Repository files navigation

pdf2svg2pdf

pdf2svg2pdf is a powerful command-line tool and Python library designed to convert multi-page PDF documents into Scalable Vector Graphics (SVG), allow for programmatic modifications or filtering of these SVGs, and then reassemble them into a new PDF document.

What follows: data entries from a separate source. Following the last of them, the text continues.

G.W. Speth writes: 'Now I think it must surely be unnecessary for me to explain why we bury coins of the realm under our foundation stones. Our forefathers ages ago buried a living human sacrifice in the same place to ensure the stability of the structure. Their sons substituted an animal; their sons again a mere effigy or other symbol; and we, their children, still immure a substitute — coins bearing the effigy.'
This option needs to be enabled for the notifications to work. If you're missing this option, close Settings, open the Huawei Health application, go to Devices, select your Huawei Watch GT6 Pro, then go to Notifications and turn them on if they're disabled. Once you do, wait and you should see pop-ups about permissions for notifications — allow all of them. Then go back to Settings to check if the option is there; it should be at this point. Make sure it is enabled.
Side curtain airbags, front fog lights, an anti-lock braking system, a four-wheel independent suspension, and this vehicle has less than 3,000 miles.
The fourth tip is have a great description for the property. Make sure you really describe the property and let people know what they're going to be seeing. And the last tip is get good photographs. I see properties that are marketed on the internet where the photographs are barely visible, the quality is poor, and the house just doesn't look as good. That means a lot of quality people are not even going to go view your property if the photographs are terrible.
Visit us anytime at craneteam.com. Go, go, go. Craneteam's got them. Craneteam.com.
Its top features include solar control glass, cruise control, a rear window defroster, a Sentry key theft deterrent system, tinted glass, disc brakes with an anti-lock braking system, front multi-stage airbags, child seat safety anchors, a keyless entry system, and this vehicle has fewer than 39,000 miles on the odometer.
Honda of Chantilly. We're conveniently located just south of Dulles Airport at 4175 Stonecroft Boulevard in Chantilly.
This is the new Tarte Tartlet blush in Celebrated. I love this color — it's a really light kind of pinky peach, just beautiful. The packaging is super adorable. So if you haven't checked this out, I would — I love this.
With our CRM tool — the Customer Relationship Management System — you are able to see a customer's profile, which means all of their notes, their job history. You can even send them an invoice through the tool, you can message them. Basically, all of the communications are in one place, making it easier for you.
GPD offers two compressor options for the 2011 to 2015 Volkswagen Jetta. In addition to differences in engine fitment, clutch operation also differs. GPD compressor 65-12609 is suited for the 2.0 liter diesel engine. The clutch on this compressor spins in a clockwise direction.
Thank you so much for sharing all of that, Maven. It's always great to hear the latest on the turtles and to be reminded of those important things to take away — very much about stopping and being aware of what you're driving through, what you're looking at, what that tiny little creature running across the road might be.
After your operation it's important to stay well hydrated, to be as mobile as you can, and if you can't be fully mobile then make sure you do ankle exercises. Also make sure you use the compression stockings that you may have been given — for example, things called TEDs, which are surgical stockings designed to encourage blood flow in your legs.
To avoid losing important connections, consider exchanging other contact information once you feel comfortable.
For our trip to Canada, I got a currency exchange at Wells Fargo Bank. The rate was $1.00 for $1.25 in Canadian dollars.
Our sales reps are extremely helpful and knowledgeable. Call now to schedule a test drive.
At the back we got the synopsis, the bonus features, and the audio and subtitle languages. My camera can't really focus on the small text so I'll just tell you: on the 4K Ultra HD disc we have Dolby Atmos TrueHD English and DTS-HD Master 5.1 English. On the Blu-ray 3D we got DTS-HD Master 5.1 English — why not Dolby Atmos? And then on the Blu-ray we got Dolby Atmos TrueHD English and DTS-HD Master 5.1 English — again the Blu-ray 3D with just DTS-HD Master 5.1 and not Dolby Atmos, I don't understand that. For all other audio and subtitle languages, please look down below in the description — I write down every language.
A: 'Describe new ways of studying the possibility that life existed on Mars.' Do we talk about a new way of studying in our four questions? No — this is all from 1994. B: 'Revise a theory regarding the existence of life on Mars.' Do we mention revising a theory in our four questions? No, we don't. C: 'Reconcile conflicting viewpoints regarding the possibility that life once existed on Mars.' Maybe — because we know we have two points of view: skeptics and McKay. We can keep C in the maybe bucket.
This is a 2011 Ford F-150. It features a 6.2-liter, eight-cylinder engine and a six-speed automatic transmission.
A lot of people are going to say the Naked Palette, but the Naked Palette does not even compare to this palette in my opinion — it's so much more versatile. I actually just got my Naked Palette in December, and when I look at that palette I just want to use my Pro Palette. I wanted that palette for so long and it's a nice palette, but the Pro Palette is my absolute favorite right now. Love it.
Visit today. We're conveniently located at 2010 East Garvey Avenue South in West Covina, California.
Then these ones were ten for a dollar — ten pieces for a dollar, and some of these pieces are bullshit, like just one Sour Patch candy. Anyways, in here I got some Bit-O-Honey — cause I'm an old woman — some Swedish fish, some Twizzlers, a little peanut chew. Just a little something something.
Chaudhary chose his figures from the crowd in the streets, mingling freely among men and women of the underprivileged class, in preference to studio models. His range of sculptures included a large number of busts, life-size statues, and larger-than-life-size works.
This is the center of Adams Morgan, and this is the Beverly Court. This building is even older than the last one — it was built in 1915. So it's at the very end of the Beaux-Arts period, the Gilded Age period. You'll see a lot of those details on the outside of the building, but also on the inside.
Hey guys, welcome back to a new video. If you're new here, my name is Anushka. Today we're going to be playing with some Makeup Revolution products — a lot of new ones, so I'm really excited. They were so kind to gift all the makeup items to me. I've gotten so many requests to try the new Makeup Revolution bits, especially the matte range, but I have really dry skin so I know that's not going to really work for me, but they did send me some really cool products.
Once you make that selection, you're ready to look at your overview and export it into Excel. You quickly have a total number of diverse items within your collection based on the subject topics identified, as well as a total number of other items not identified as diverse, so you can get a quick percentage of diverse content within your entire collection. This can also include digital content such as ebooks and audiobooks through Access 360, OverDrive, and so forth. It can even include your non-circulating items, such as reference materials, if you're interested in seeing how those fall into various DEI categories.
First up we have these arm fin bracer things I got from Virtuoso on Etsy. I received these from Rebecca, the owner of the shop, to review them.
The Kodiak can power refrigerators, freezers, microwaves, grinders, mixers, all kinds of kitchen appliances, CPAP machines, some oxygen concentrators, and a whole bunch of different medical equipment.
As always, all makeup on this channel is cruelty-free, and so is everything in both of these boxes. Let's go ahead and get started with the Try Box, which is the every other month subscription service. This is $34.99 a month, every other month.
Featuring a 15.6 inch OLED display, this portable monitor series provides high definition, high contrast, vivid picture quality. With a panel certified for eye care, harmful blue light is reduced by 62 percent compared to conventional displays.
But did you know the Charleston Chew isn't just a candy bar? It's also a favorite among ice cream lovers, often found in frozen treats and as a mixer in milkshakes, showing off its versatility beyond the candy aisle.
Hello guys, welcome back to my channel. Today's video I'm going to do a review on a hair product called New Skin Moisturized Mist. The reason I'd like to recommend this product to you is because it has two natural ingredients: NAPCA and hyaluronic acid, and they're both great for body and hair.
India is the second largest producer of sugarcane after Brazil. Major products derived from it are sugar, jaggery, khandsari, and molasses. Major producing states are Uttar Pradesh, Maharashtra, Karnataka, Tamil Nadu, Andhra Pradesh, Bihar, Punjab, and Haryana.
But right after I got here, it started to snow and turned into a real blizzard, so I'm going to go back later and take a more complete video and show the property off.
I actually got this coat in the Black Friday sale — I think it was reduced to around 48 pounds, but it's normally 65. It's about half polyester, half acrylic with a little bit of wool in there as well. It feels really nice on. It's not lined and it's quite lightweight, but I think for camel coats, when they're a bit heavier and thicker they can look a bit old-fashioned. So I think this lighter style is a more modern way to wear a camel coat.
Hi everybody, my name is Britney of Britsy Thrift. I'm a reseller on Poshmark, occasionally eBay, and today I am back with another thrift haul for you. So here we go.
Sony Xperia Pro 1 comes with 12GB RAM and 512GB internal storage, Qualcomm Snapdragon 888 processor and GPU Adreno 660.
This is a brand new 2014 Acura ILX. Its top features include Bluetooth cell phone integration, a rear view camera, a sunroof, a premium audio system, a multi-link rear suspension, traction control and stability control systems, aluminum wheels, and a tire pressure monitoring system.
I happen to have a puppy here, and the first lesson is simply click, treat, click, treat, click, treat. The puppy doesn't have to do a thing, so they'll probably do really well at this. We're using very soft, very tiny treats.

This tool facilitates a vector-to-vector workflow, ensuring that the quality and scalability of your graphics are maintained throughout the process. It's particularly useful when you need to make detailed changes to PDF content that are typically easier to perform at the SVG level.

What it does

At its core, pdf2svg2pdf performs the following sequence of operations:

  1. Splits PDF: Takes an input multi-page PDF and separates it into individual single-page PDF files.
  2. PDF to SVG Conversion: Converts each single-page PDF into an SVG file.
  3. Modifications (Optional): This is where the magic happens. While the primary script provides the framework, the pdf2svg2pdf_classic.py script (and programmatic usage) allows for applying various filters and modifications to the SVG files (e.g., color changes, optimizations, element manipulation) or even to the initial PDF pages (e.g., converting to grayscale).
  4. SVG to PDF Conversion: Converts the (potentially modified) SVG files back into single-page PDF files.
  5. Merges PDF: Combines the processed single-page PDFs into a final, new multi-page PDF document.

Who it's for

This tool is beneficial for:

  • Developers working with PDF and SVG formats who need to automate transformations or content manipulation.
  • Graphic Designers and Technical Users who need to perform batch modifications on PDF vector content that are difficult with standard PDF editors.
  • Anyone needing to programmatically clean up, optimize, or alter elements within PDF documents by leveraging the more accessible structure of SVGs.
  • Users looking to integrate PDF-to-SVG-to-PDF workflows into larger document processing pipelines.

Why it's useful

  • Unlock PDF Content: Enables modification of PDF content that is often "locked" or hard to edit directly in PDF format.
  • Leverage SVG Editability: SVGs are XML-based and much easier to parse, manipulate, and generate programmatically.
  • Vector Quality Preservation: Ensures that graphics remain scalable and high-quality throughout the conversion process.
  • Automation: Provides a command-line interface and Python library for automating repetitive PDF transformation tasks.
  • Filtering & Optimization: The pdf2svg2pdf_classic.py script and library usage allow for powerful filtering, such as:
    • Optimizing SVGs with svgo.
    • Changing colors or making backgrounds transparent.
    • Converting PDFs to grayscale before SVG conversion.

Installation

1. Python Package

You can install pdf2svg2pdf using pip:

pip install pdf2svg2pdf

2. External Dependencies

pdf2svg2pdf relies on several external command-line tools for its core functionality. Please ensure they are installed and accessible in your system's PATH.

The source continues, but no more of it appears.